● **Data block**
>>>>
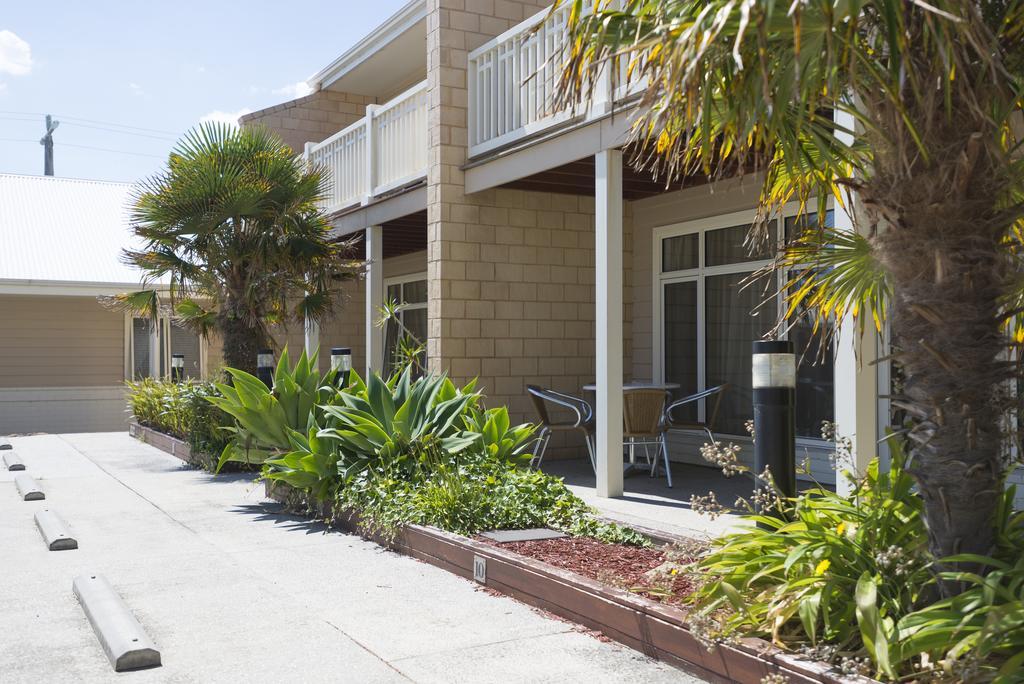 Port Campbell Parkview Motel & Apartments Exterior foto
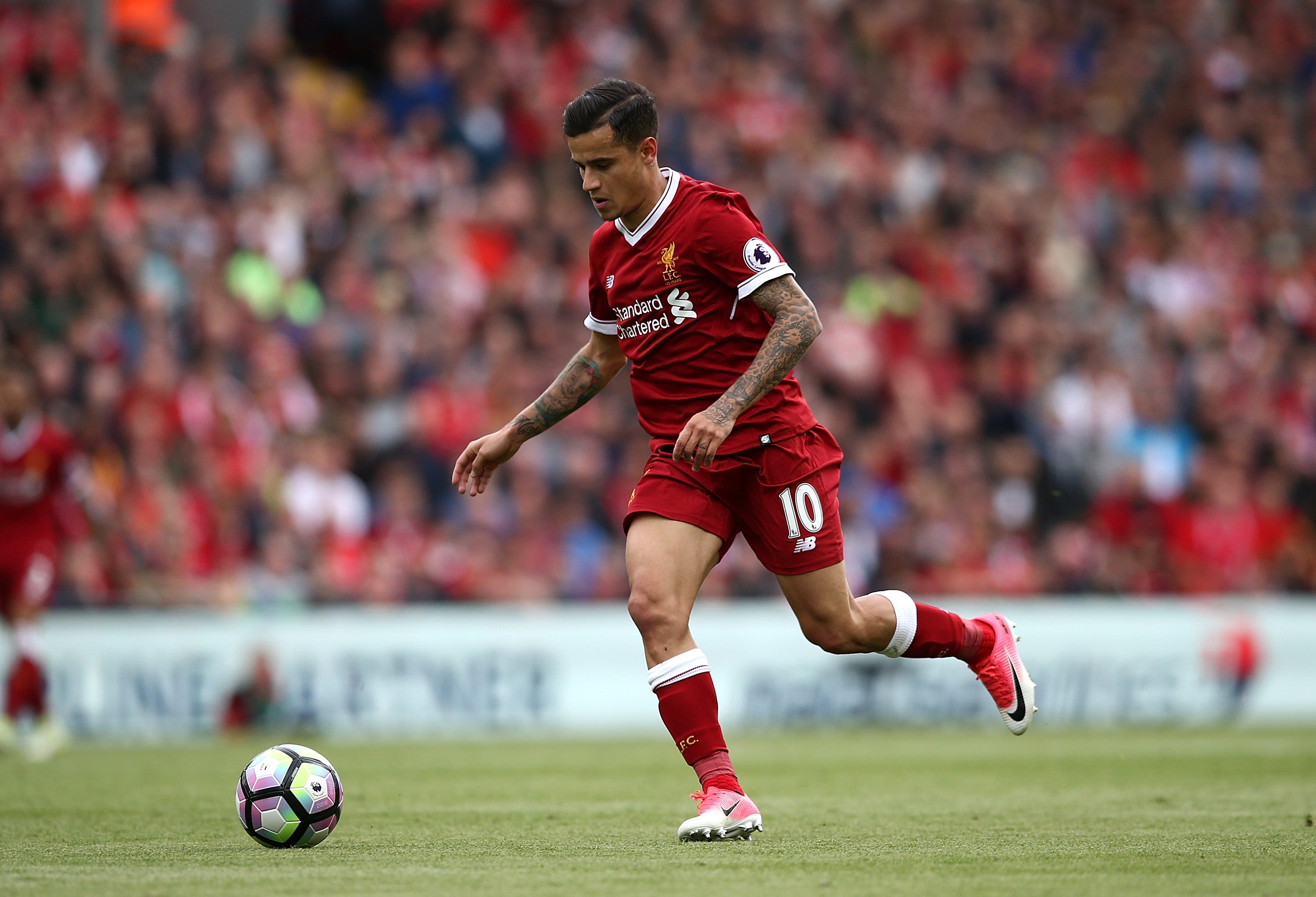Desvelan el acuerdo que tenían el Barcelona y Coutinho sin la aprobación del Liverpool Desvelan el acuerdo que tenían el Barcelona y Coutinho sin la aprobación del Liverpool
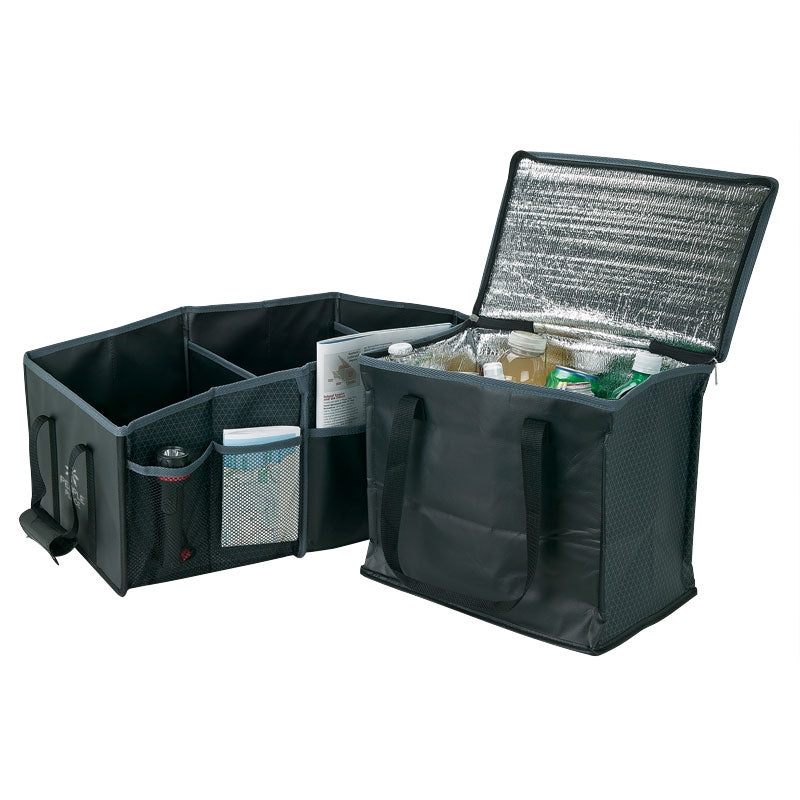 Optimum-III Trunk Organizer with Cooler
<<<<
With the pictures removed, return the full listing exactly as given.

● **Task solution**
 Port Campbell Parkview Motel & Apartments Exterior foto
Desvelan el acuerdo que tenían el Barcelona y Coutinho sin la aprobación del Liverpool Desvelan el acuerdo que tenían el Barcelona y Coutinho sin la aprobación del Liverpool
 Optimum-III Trunk Organizer with Cooler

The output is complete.